Savoir et civisme Les sociétés savantes et l’action patriotique en Europe au XVIIIe siècle
Savoir et civisme Les sociétés savantes et l’action patriotique en Europe au XVIIIe siècle, Michèle Crogiez Labarthe, Juan Manuel Ibeas Altamira, Alain Schorderet, octobre 2017, 412 pages, 50 €
Edition: Slatkine
Le XVIIIesiècle fut l’âge d’or des académies et des sociétés savantes en général, des académies et des sociétés savantes de province en particulier. Loin de ne rassembler que des notables chenus ou des abstracteurs de quintessence et du mouvement perpétuel (comme ce fut le cas par la suite), ces sociétés jouèrent un rôle important dans la vie intellectuelle du temps. Deux exemples suffiront à le montrer. En 1749, l’académie de Dijon mit à son concours la question de savoir « si le rétablissement des sciences et des arts a contribué à épurer les mœurs ». Les académiciens bourguignons primèrent la réponse envoyée par un jeune Suisse inconnu, Jean-Jacques Rousseau ; réponse qui sera publiée sous le titre de Discours sur les sciences et les arts. En 1787, la Société royale de Metz posa une autre question : « Est-il des moyens de rendre les Juifs plus utiles et plus heureux en France ? » (l’abbé Grégoire y participa avec son Essai sur la régénération physique, morale et politique des Juifs).
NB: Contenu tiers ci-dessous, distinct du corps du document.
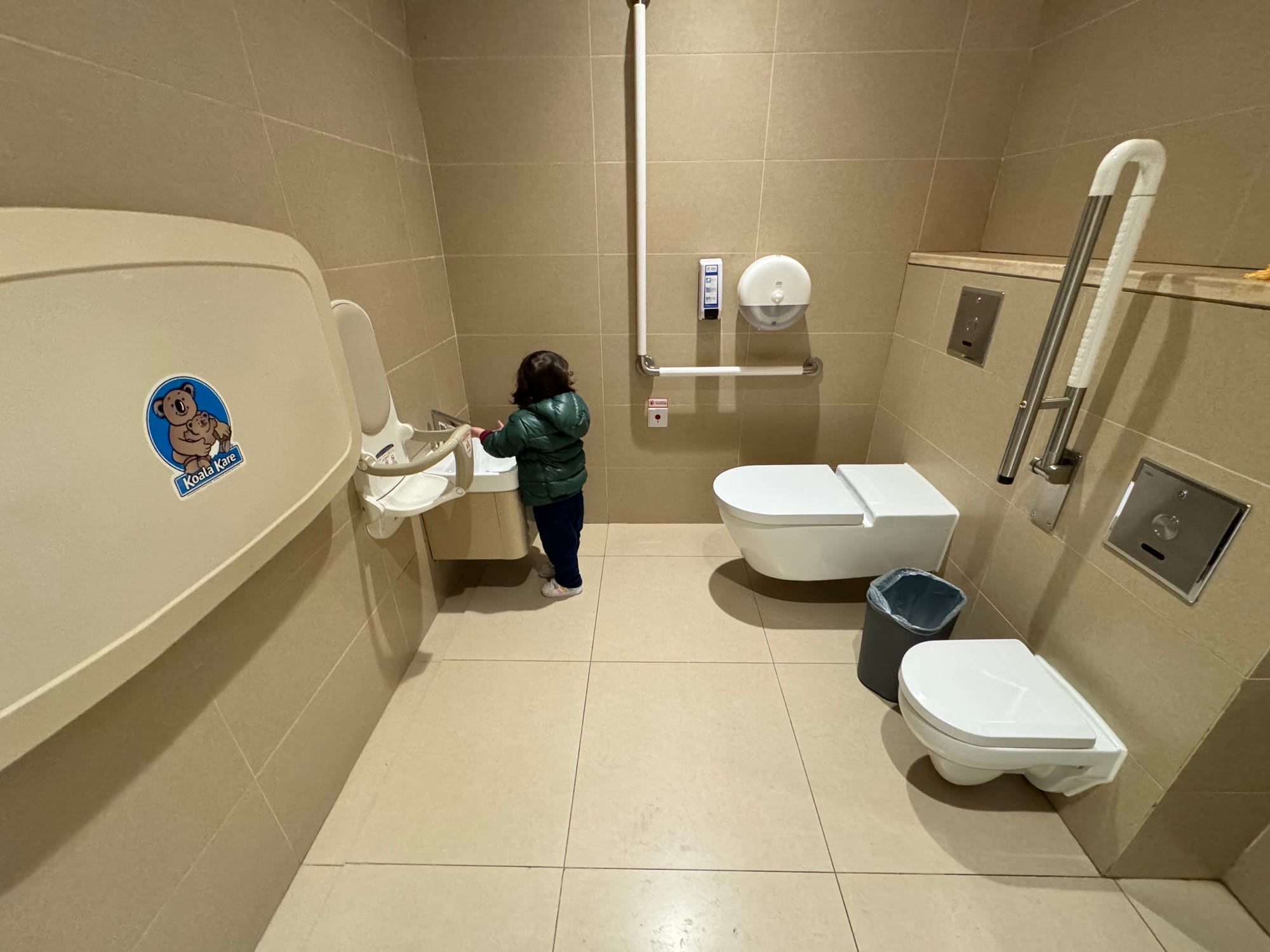 Family restroom in a Chongqing shopping mall with children's toilet and adult toilet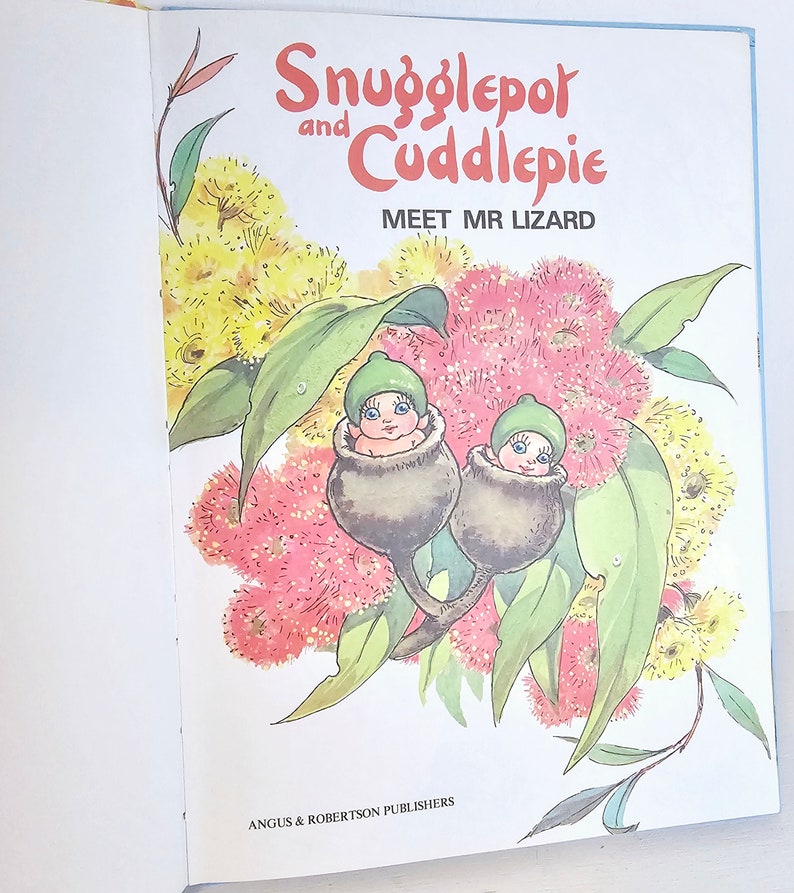 Puede incluir: Una portada de libro con dos peque&ntilde;as hadas con gorros verdes anidadas en nueces de goma. El t&iacute;tulo del libro es "Snugglepot and Cuddlepie Meet Mr Lizard" con un fondo de flores rosas y amarillas.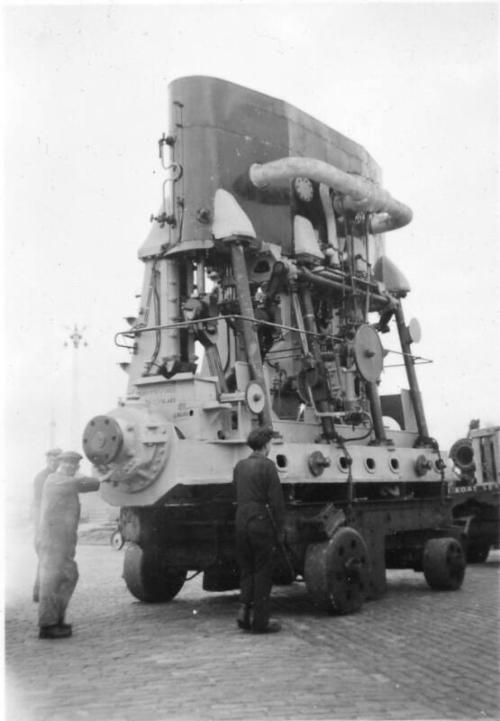 Black and White Photograph in album of ship's engine on flat-bed loader being exported to Poland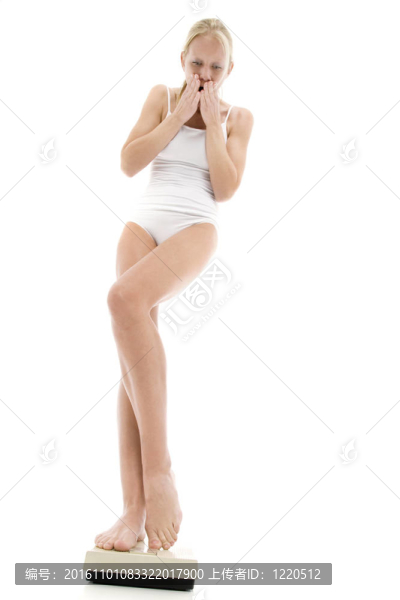 年輕的白人婦女穿著內(nèi)衣站在磅秤和恐懼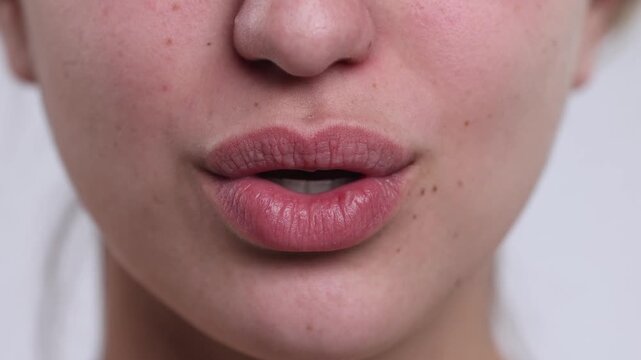 4K video macro closeup of young woman lips serious to smile, mouthing I love you and licking lips, no makeup and natural look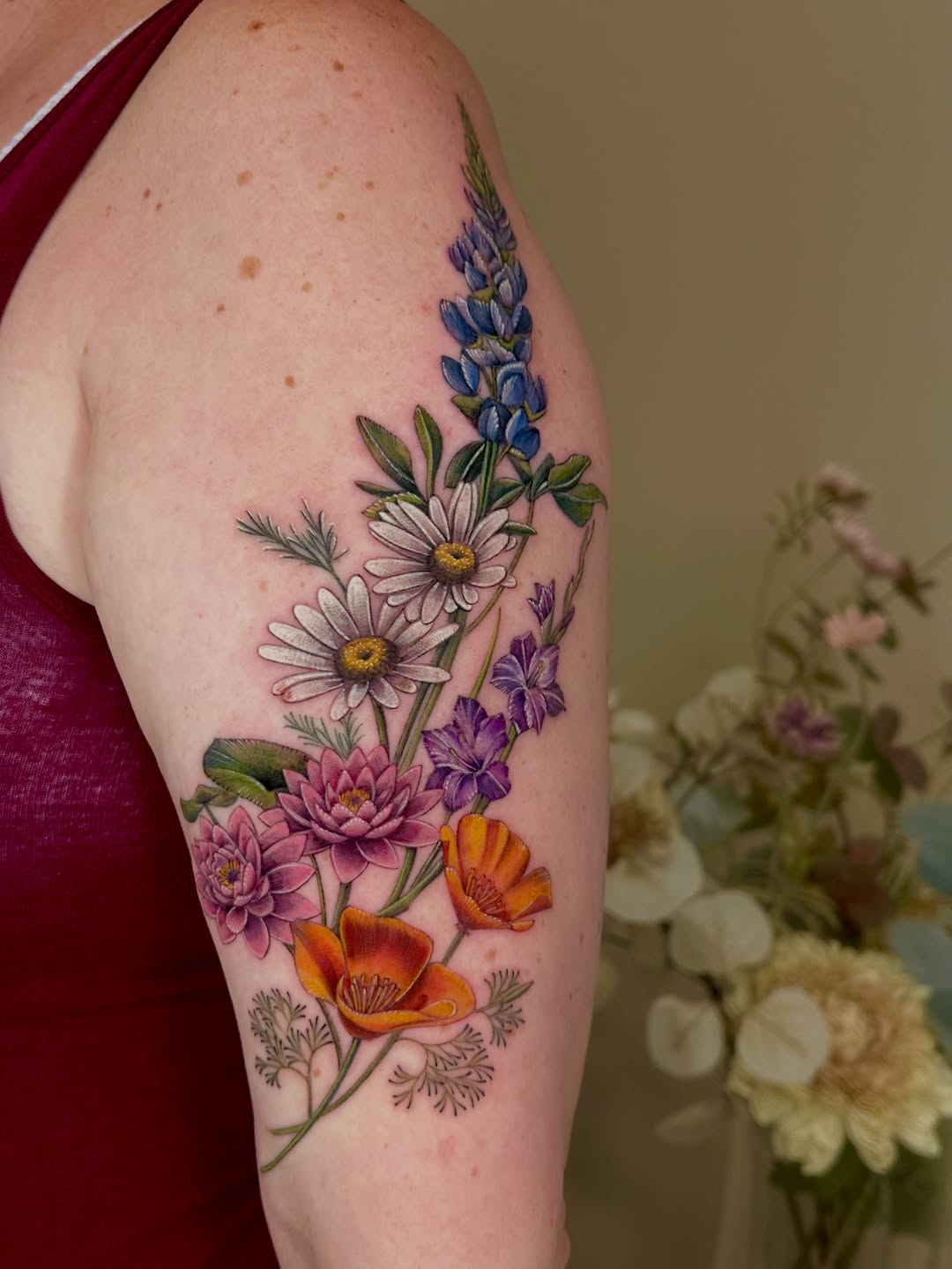Bouquet of wildflowers neo-traditional tattoo on the forearm by Claire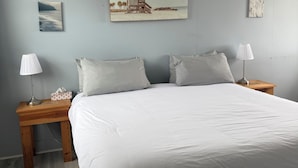 A bedroom with a large bed, two bedside tables with lamps, a wooden headboard, and a beach scene painting on the wall. - Mavillette Beach Lodge and RV Park (Mavillette)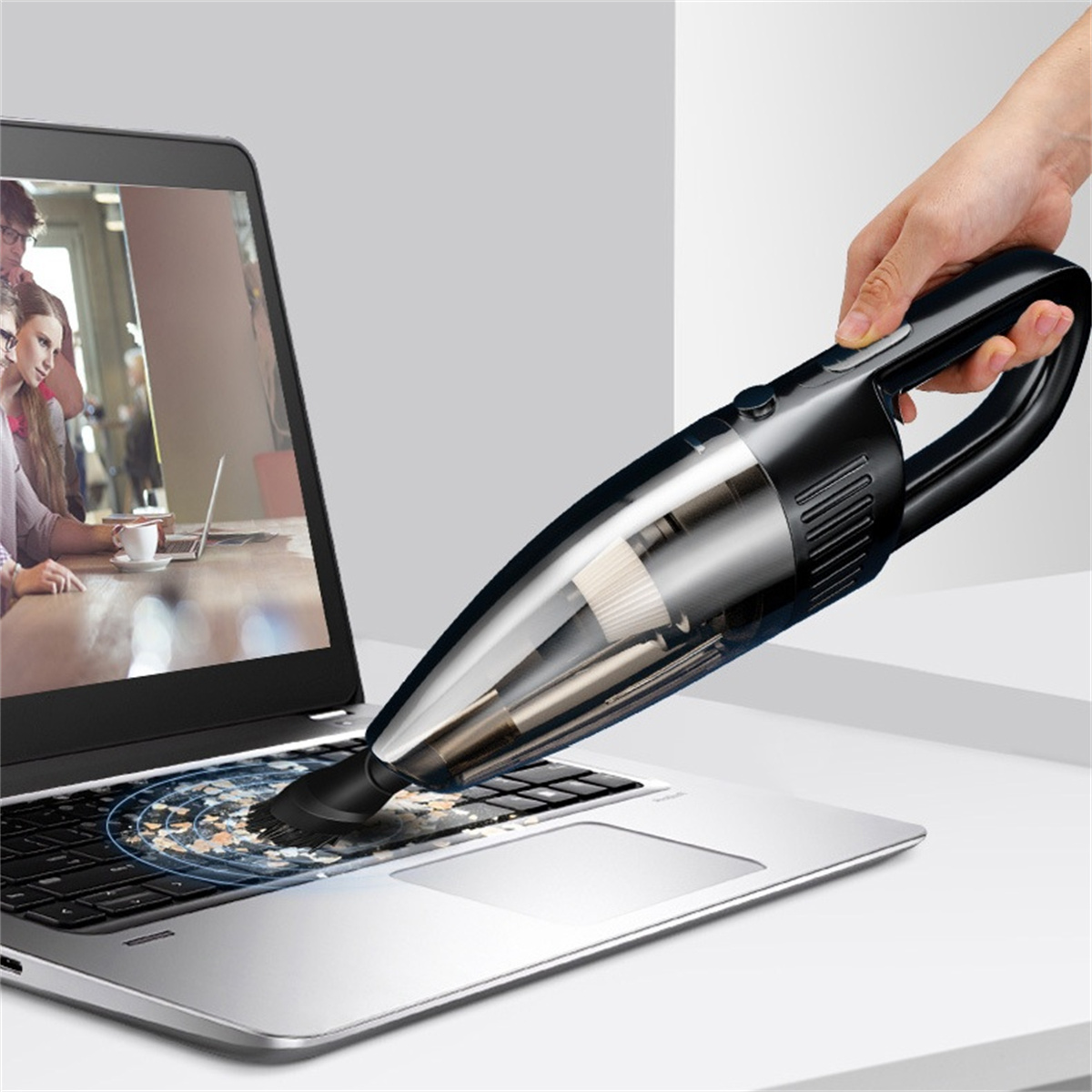 Eine Hand saugt eine Laptop-Tastatur ab und entfernt Staub. Personen im Hintergrund.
La manière dont la Société royale de Metz avait formulé sa question mérite qu’on s’y arrête. Que les Juifs soient heureux, on comprend ce que cela veut dire. Une décennie plus tôt, ce texte emblématique des Lumières qu’est la Constitution des États-Unis d’Amérique avait hissé le bonheur au nombre des droits fondamentaux. Mais pourquoi associer « heureux » à « utiles », en plaçant l’utilité avant le bonheur ? Peut-être sans le savoir, la Société royale de Metz reprenait le raisonnement de l’économiste italien G. G. d’Arco (1739-1791), qui avait publié en 1782, à Venise, un livre intitulé Della Influenza del Ghetto nella Stato, où il considérait que la réclusion des Juifs dans les ghettos constituait un obstacle au libre-échange et qu’il convenait de favoriser leur assimilation à la société.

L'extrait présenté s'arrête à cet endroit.